知っているようで知らない書店のことについて、全国各地の書店員さんが顔出しで回答する「10人の書店員に聞く<書店の謎>」。今回は、地方の書店の課題と魅力、東日本大震災から3年半を過ぎた関連本の状況についてお答えいただきました。

 JR倉敷駅(岡山県倉敷市)に近い商業施設内の書店がこの7月に、またJR福山駅(広島県福山市)に近い商業施設内の書店がこの8月に、閉店しました。地方都市の商業施設に入る書店が営業し続けるためには、何が大事だと思いますか?(広島県 30代 男性)

 

野坂美帆(紀伊國屋書店富山店)

 岡山は大学時代を過ごした懐かしい街です。倉敷市や福山市の話は存じませんでした。新規出店される、というニュースがある一方で、閉店のニュースもある、業界は動いているのだなあと感じます。営業し続ける、ということについては、私は経営職ではありませんので、ご期待に添う回答が出来ないのではないかと思います。地方都市の商業施設内店舗の書店について何が大事なのか、売り場目線で考えますと、いかに客層に合った商品展開をするかということと、自店の集客力を上げる、ということでしょうか。

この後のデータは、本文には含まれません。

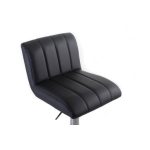 G21 Malea bárszék, fekete, műbőr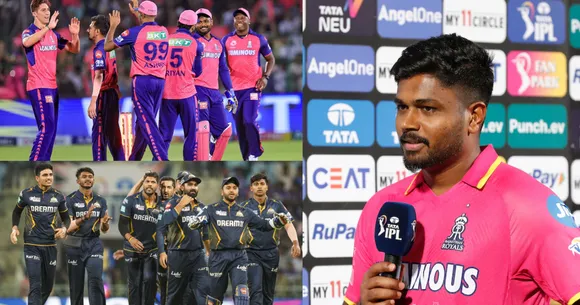RR vs GT: गुजरात के खिलाफ इन 11 खुंखार खिलाड़ियों को लेकर मैदान में उतरेंगे संजू सैमसन, ऐसी हो सकती है प्लेइंग इलेवन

商業施設が駅に隣接しているのか、郊外型なのか、百貨店なのか、ショッピングセンターなのか、立地に合わせて色々な戦略戦術があるかと思います。路面店であれ、商業施設内であれ、地方都市であれ、都心部であれ、自店のお客様を分析し、理解するというのが売り場ではまず不可欠な一歩かと思います。

 

地方は、なぜ本が遅れてくるの? (広島県 30代 女性)

 

内田剛(三省堂書店神田神保町本店)

 物流上、やむをえないですね。メーカーである出版社と物流の拠点である取次会社が、首都圏にあるためです。都心でも流通便の関係で、入荷が前後することもあります。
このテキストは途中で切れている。